= Data for analysis =
+ + + +
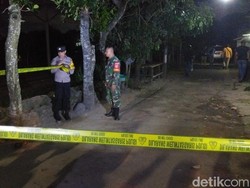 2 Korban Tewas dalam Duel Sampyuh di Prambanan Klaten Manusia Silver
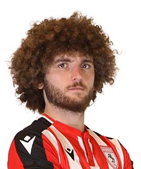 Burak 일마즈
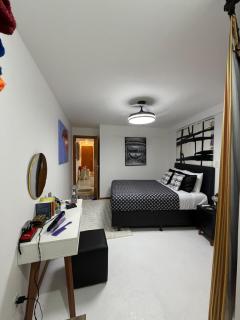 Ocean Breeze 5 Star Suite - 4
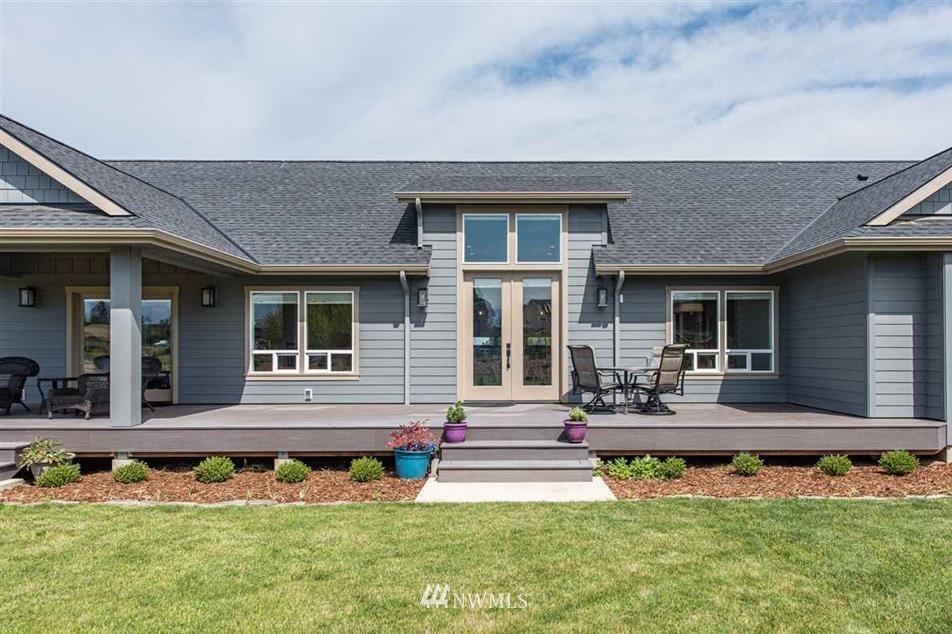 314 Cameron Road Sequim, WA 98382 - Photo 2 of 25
+ + + +
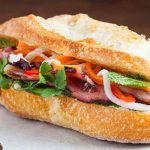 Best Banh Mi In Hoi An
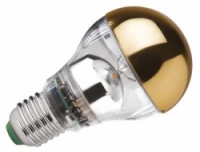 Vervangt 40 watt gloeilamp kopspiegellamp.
+ + + +
= About this exercise =
Having found the line with "Best Banh Mi In Hoi An" and the line with "Vervangt 40 watt gloeilamp kopspiegellamp." in the material above, write out exactly those two and every line between, leaving the pictures out.

= Reply =
 Best Banh Mi In Hoi An
 Vervangt 40 watt gloeilamp kopspiegellamp.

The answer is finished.